## THE PROBLEM
Taking only the lines of the data below from the line with "8a591 CANADIAN MOUNTIES" to the line with "Steampunk Streetwear Baby Romper Sweatshirts", ends included, write them out exactly and without pictures.

## MATERIAL PROVIDED
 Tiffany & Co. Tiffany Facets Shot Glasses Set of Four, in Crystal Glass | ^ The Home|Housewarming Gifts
--
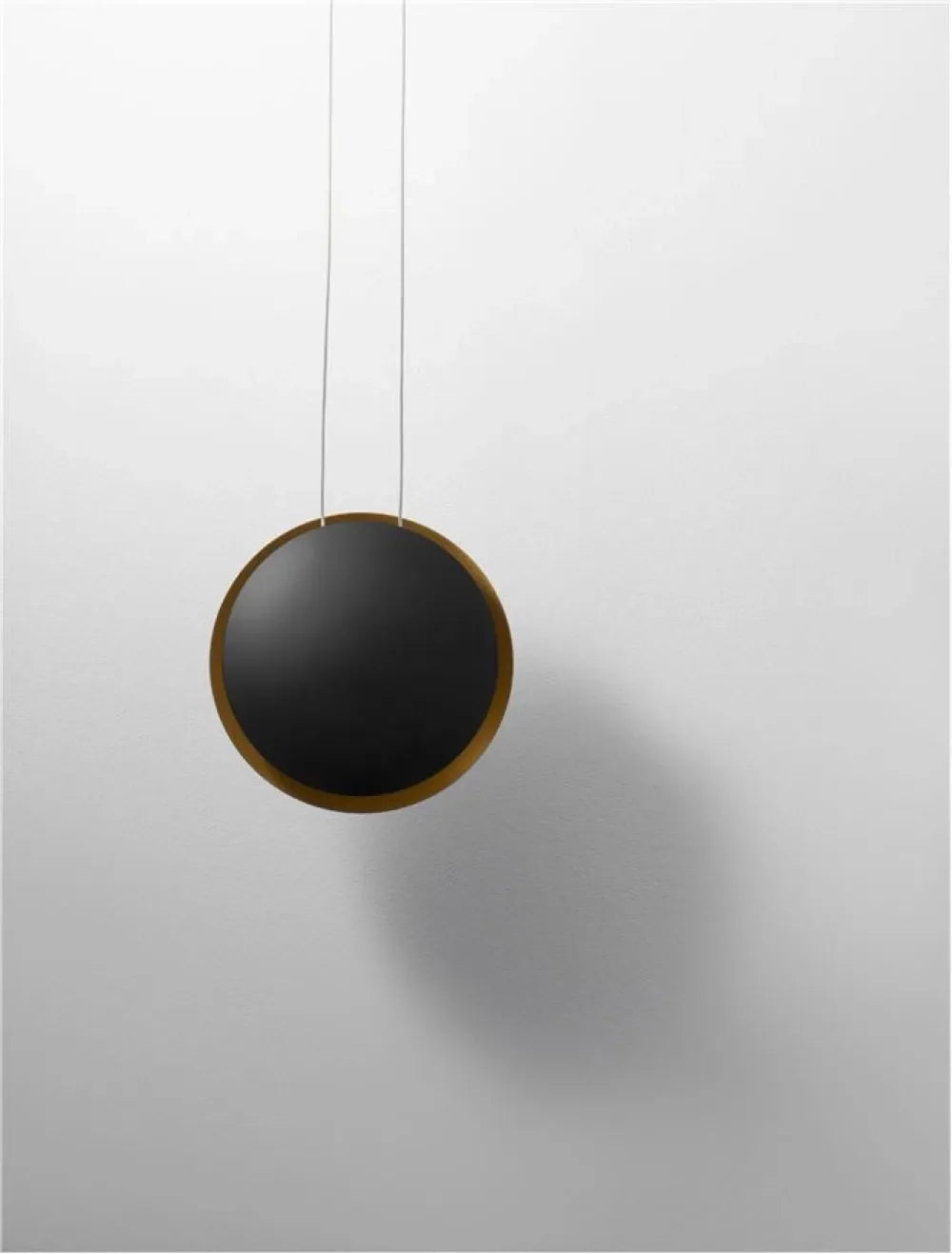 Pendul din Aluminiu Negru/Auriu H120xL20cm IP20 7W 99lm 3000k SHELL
---
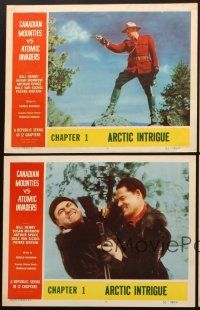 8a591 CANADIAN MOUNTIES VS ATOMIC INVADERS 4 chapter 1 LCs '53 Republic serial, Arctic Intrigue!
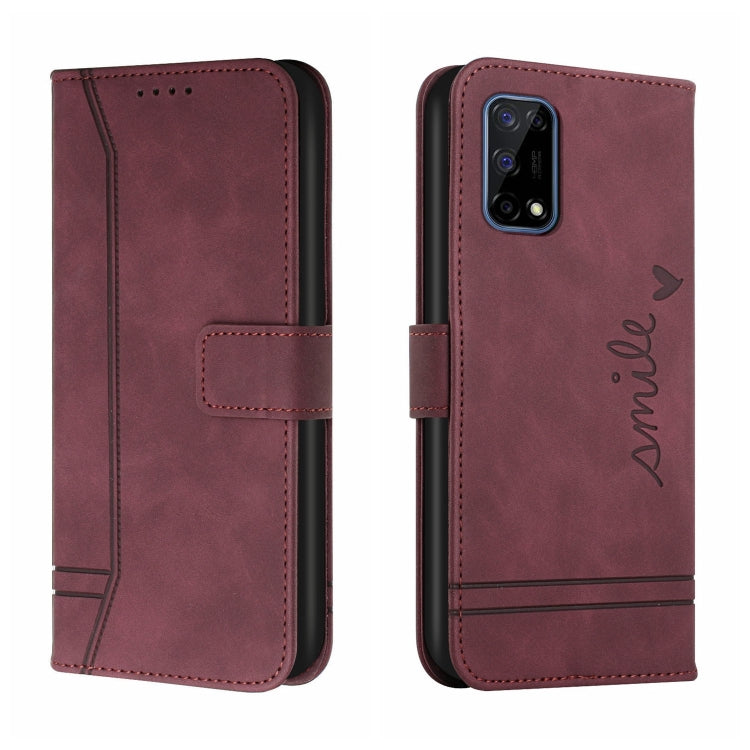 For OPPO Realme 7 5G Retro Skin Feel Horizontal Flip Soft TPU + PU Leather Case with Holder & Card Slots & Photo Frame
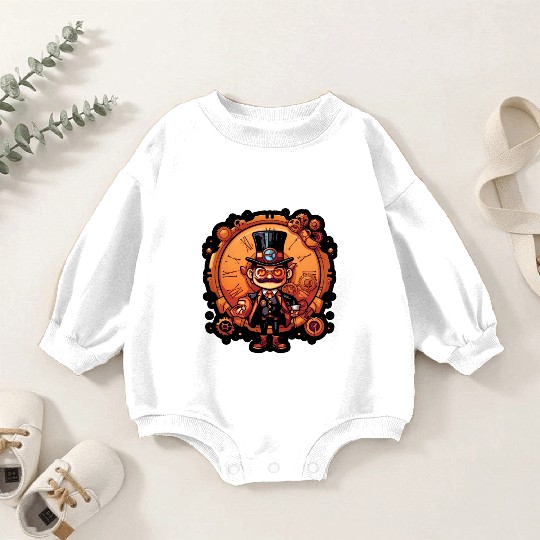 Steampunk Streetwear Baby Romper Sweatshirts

## EXERCISE SOLUTION
 8a591 CANADIAN MOUNTIES VS ATOMIC INVADERS 4 chapter 1 LCs '53 Republic serial, Arctic Intrigue!
 For OPPO Realme 7 5G Retro Skin Feel Horizontal Flip Soft TPU + PU Leather Case with Holder & Card Slots & Photo Frame
 Steampunk Streetwear Baby Romper Sweatshirts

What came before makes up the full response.